Problem to solve:
In the entries that follow, the line with "Person Holding a Sticker with Green Letters" opens the range and the line with "White paneled accent" closes it; repeat that range exactly, both lines included.

Excerpted records:

⟨

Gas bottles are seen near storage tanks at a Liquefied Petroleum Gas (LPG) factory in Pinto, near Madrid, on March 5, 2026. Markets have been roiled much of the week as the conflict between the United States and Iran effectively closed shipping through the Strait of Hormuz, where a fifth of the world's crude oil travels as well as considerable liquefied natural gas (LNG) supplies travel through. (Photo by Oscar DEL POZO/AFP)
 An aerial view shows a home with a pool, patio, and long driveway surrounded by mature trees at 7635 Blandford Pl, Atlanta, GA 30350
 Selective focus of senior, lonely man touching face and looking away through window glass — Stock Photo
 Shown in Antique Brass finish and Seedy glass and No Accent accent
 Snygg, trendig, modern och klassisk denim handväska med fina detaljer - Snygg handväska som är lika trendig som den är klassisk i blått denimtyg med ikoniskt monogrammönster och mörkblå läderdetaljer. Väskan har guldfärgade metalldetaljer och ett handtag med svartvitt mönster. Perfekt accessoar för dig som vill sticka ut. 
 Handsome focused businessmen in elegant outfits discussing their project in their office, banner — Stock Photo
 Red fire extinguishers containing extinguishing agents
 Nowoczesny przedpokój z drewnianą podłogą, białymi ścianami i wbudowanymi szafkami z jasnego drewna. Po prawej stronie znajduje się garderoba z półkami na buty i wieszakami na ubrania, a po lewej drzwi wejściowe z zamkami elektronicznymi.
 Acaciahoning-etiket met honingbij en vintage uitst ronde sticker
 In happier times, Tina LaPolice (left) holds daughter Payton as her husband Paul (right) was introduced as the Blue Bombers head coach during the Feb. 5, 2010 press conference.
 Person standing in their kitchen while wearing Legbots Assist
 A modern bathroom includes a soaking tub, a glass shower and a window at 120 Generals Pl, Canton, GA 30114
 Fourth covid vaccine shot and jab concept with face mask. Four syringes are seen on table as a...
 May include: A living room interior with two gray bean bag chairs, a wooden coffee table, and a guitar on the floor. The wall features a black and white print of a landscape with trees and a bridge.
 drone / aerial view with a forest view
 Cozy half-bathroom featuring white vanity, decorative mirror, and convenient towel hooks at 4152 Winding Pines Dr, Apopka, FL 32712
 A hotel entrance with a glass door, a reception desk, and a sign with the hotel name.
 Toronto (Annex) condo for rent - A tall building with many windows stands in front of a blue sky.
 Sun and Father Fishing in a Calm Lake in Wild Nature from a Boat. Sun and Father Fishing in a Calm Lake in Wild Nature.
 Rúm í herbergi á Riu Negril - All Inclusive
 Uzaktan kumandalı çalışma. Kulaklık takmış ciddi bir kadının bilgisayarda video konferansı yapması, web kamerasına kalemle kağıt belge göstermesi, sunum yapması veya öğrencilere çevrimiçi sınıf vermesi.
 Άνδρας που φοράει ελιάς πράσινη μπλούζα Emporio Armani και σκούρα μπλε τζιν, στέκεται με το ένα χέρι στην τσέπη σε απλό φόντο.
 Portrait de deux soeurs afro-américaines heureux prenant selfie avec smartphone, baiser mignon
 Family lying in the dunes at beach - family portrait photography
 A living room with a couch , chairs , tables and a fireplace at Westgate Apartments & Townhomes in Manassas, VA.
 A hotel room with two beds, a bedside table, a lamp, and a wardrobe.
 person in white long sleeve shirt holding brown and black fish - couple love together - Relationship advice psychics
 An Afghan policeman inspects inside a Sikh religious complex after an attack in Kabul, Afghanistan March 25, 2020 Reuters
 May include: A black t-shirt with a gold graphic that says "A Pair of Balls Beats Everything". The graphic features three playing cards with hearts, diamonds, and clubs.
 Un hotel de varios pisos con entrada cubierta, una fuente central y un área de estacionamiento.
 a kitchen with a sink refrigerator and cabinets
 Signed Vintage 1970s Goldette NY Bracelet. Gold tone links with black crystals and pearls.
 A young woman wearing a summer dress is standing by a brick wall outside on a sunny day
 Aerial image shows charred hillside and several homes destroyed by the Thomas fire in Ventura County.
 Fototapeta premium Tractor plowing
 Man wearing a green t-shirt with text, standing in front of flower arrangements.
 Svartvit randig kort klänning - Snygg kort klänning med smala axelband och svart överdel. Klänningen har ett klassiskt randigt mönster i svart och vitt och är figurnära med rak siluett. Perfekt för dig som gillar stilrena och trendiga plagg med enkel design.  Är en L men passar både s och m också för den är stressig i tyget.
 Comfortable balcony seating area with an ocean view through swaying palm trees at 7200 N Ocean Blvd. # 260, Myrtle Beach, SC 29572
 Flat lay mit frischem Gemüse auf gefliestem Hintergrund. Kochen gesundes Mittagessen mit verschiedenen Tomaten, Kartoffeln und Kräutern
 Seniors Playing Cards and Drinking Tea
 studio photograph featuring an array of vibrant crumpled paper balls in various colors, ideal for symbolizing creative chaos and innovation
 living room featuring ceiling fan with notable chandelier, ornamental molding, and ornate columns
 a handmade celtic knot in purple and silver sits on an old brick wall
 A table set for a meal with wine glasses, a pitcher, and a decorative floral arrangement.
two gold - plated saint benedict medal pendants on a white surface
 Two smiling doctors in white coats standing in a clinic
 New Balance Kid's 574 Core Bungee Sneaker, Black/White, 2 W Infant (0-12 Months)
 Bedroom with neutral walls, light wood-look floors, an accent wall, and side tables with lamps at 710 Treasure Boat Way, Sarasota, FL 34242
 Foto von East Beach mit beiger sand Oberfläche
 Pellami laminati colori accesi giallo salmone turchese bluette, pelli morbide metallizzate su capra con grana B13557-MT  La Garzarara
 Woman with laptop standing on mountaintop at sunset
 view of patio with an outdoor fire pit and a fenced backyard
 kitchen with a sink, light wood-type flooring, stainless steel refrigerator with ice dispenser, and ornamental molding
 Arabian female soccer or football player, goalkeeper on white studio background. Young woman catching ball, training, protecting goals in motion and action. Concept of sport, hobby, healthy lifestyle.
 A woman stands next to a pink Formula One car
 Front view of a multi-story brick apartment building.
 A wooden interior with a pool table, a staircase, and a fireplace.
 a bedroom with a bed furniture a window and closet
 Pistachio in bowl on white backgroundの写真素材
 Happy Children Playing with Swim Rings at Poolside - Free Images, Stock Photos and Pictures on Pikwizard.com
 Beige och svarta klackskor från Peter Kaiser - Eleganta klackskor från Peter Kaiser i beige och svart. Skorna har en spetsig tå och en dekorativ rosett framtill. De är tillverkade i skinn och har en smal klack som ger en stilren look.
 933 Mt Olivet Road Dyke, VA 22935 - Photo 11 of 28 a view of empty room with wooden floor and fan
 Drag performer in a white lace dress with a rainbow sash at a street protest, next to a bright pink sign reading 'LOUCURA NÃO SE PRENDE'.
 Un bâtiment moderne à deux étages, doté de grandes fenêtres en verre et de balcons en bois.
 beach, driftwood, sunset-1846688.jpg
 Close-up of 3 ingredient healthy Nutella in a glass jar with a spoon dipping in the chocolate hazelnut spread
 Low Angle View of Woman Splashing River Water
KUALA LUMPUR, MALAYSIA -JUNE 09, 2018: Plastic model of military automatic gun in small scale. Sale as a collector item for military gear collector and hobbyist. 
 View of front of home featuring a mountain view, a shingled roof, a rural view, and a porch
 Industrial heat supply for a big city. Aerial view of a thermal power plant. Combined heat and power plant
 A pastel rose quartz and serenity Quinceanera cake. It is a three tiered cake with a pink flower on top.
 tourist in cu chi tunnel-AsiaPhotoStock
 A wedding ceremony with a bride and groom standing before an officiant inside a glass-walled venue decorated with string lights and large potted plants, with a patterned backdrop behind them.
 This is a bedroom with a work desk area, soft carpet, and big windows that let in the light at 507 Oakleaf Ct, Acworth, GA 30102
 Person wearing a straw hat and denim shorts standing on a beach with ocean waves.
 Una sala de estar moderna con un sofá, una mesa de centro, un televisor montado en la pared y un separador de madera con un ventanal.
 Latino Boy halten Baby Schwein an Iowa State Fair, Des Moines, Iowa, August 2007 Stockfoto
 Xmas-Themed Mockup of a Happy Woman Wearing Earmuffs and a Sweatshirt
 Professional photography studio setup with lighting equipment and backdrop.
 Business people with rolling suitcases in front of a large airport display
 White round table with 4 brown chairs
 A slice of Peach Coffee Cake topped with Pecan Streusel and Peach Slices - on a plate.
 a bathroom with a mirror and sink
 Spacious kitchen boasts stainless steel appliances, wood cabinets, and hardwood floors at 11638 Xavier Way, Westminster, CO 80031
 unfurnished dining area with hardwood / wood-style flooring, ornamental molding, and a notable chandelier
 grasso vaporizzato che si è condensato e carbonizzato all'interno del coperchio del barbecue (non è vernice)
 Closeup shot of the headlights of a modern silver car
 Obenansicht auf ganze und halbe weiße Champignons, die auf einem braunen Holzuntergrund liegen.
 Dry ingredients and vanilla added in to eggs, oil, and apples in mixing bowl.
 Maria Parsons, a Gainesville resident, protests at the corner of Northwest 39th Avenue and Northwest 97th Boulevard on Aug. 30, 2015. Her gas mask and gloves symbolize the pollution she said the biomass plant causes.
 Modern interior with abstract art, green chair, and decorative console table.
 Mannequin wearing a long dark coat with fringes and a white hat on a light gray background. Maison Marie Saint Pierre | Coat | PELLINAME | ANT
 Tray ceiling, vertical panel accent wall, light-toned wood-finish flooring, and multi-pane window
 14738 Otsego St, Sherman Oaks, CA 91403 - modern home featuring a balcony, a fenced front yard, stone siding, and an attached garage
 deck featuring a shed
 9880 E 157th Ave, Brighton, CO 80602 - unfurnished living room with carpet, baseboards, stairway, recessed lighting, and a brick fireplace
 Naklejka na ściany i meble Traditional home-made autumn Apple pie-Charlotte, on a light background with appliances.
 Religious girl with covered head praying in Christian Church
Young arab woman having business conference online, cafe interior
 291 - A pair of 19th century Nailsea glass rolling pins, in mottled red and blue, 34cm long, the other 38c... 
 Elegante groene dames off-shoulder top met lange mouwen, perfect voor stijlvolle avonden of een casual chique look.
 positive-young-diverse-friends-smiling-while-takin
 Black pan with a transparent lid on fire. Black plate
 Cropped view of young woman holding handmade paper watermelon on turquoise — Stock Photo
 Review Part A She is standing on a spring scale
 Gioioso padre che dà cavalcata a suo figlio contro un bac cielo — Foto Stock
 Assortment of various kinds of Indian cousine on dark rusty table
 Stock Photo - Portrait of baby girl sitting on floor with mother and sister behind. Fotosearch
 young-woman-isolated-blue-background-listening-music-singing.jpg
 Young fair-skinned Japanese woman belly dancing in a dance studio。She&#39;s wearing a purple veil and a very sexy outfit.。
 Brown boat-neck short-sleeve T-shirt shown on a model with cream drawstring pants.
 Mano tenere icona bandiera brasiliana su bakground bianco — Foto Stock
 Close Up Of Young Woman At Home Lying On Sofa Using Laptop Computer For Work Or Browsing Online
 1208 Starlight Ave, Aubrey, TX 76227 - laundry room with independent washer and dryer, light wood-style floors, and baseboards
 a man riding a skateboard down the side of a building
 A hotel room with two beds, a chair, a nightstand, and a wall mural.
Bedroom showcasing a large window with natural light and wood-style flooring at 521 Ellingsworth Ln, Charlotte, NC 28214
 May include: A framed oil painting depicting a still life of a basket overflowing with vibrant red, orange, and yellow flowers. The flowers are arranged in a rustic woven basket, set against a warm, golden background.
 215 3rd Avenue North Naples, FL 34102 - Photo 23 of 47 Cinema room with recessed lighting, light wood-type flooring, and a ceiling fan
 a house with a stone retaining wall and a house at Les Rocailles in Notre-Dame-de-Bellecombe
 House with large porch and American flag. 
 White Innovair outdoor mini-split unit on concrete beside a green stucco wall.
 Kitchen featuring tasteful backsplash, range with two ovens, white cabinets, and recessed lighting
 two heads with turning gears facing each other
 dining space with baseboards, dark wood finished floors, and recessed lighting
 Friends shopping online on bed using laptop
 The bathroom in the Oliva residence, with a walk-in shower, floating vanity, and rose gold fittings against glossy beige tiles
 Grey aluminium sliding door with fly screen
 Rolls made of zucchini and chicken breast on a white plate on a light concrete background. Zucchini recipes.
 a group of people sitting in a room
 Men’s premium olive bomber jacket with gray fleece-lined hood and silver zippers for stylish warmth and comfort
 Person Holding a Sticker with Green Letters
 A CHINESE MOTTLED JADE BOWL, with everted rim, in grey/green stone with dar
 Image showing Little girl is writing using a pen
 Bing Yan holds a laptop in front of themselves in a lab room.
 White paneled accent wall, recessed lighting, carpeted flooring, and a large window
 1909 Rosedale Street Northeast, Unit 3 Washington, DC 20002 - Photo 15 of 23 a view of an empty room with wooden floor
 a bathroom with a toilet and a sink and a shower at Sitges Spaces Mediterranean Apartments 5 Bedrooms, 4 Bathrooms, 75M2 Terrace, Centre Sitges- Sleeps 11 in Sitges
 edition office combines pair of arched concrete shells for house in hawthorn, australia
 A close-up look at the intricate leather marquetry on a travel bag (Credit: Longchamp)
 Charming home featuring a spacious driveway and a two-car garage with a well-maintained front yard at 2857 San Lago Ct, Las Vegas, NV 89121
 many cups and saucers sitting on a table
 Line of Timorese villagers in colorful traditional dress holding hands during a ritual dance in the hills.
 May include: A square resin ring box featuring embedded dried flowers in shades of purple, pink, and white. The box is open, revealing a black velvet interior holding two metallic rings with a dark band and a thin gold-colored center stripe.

⟩

Response to this task:
 Person Holding a Sticker with Green Letters
 A CHINESE MOTTLED JADE BOWL, with everted rim, in grey/green stone with dar
 Image showing Little girl is writing using a pen
 Bing Yan holds a laptop in front of themselves in a lab room.
 White paneled accent wall, recessed lighting, carpeted flooring, and a large window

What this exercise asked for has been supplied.